A review of Tom Keneally’s Bettany’s Book

 Bettany’s Book has just been released in paperback. The generosity of Bettany’s Book leads us to not only follow the strivings of the Bettany family and those whose paths they cross, such as Sharif and Felix, the “Europeanised, educated natives”, who are heroic and tragic in their own way, but to equate these sufferings and imaginings to our own, so that the material becomes truly epic.

Reviewed by Magdalena Ball

Tom Keneally gives you the feeling that he is interested in everything. As you speak to him he draws the pieces of your conversation into the voluminous encyclopedia of his brain, leaving the impression that even the most banal concepts are profound. Bettany’s book, Keneally’s latest novel, clearly reflects this drawing in of ideas, characters, conversations, and his generosity in sharing these ideas, or obsessions as he calls them, with his reader. Bettany’s Book traverses a wide terrain, moving physically from the interior of nineteenth century New South Wales to the modern Sudan, and metaphysically through a range of ideas from Stoicism to the politics of Aid, Christian missionary work, the Koran, the time/space continuum, the Big Bang, etc. The story begins with two orphaned and beautiful sisters, Dimp and Prim, the former, a film producer, who finds her great grandfather’s memoirs and the latter, who becomes an aid worker in the Sudan following a failed relationship with her University supervisor. The story moves seamlessly between the stories of Prim and Dimp, and the Dimp’s transcribed (and faxed to Prim in the Sudan) sections of Jonathan Bettany’s memoirs of becoming a squatter in the land known as “beyond the limits” in nineteenth century New South Wales. The stories are fascinating, and Keneally is a wonderful storyteller whose simple prose drives the narrative forward quickly, despite the books large size. But the story is more than just a good tale. The separate stories of the book are pulled together with strong themes of love and betrayal, the genetic links which bind generations, understanding versus prejudice, determinism versus free will, and above all the search for self which seems to form the backdrop of most great books. Keneally speaks modestly of his “temperamental fault”, claims that he tries to cover too much ground, and calls the novel a force of nature that may or may not work, but then concedes that you can look on this sort of writing as a streak of generosity on the author’s part.
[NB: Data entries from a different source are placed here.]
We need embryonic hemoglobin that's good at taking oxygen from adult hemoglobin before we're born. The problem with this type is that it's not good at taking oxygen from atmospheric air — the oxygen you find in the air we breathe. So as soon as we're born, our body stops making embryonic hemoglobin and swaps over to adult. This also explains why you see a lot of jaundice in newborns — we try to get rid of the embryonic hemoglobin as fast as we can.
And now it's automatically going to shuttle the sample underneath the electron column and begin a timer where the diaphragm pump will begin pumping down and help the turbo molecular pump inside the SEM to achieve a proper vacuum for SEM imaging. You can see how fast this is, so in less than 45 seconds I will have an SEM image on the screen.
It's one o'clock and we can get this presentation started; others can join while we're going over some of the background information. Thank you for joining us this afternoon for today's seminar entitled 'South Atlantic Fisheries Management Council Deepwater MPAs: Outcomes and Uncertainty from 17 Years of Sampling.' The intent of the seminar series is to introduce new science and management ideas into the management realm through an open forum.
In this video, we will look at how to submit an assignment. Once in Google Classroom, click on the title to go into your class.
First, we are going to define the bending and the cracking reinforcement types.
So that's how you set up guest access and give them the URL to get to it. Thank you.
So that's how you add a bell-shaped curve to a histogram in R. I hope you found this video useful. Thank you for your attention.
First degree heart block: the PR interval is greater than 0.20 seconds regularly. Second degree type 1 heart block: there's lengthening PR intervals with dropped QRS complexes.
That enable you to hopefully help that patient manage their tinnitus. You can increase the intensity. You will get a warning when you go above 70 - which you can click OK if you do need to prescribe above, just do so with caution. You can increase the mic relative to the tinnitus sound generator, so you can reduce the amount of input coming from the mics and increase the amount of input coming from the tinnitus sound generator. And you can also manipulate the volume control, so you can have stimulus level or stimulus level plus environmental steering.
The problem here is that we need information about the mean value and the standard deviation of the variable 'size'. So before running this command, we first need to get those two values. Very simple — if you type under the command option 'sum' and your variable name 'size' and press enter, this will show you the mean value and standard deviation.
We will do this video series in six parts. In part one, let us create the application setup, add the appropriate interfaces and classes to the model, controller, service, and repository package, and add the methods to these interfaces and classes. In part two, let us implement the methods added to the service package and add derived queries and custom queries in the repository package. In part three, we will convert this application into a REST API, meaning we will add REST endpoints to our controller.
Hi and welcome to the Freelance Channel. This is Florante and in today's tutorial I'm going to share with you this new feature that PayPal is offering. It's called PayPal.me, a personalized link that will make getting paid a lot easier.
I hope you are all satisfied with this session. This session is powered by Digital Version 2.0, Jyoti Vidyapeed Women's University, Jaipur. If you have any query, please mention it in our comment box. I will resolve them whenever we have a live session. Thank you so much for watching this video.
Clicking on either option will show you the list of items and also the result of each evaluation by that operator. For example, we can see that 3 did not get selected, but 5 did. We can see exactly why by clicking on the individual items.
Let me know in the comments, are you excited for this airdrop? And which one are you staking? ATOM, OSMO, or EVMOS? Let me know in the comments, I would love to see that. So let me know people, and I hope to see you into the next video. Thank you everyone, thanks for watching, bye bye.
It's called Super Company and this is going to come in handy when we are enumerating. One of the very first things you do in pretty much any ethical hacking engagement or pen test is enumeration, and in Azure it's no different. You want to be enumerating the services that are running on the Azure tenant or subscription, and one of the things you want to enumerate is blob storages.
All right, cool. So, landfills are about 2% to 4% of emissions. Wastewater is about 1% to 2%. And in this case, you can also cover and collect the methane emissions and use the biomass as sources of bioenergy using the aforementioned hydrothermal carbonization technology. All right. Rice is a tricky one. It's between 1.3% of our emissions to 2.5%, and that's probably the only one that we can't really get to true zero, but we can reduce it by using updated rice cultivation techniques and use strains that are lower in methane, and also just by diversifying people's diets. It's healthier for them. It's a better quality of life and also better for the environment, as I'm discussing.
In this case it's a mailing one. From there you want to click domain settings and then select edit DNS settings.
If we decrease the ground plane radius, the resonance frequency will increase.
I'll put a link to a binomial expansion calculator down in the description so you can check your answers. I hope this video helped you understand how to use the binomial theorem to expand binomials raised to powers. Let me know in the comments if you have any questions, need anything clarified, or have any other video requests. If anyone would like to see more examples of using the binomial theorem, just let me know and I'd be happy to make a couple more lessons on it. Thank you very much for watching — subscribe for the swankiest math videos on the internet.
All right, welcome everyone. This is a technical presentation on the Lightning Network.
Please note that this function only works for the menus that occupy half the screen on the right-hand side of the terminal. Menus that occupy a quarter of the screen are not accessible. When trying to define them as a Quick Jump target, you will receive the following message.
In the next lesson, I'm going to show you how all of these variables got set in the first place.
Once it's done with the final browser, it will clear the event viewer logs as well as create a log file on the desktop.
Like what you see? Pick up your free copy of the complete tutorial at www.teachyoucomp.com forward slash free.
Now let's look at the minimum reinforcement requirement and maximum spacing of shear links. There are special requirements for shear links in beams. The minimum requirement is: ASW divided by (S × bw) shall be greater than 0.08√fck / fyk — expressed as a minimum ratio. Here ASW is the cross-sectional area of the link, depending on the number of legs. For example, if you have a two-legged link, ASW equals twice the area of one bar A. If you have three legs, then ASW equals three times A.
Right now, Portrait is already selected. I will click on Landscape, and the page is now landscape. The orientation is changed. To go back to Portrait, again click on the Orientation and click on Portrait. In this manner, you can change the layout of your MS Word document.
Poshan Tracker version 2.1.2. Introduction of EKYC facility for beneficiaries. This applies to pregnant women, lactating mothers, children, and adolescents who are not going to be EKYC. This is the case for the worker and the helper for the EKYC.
The generosity of Bettany’s Book leads us to not only follow the strivings of the Bettany family and those whose paths they cross, such as Sharif and Felix, the “Europeanised, educated natives” who are heroic and tragic in their own way, but to equate these sufferings and imaginings to our own, so that the material becomes truly epic.

The book is full of strong parallels, from the alignment of the past and the third world of modern Sudan, where morality takes precedance over self-actualisation and truth. The lives of Jonathan and Sarah involve betrayals that mirror those between Dimp and Brendan D’Arcy and between Prim and Sherif. Felix’s early defining grin parallels Sharif’s strange laugh after his torture session, both stoical grimaces in the face of the horror they have witnessed, and Jonathan, even as he destroys his father’s life work, is creating his own story, striving, like Old Bettany and Dimp later on, to leave some permanent justification of his life. There are times when the characters, separated as they are by time and place, even talk to each other, as with Sharif’s answering of Jonathan’s “It is the hours which determine how we travel through the years”(490), with “one betrays oneself, not in hours but in seconds.”(503). In my interview with him, Keneally speaks of his belief in the imperfectability of humanity and the beauty and truth which lies within these imperfections as being one of the defining themes of the book, as Yeats’ put it, “the foul rag and bone shop of the heart.” Keneally tells me that he has taken an oath that Bettany’s Book will be his “last folly”, and from now on his novels are not going to be so inclusive. Let’s hope not.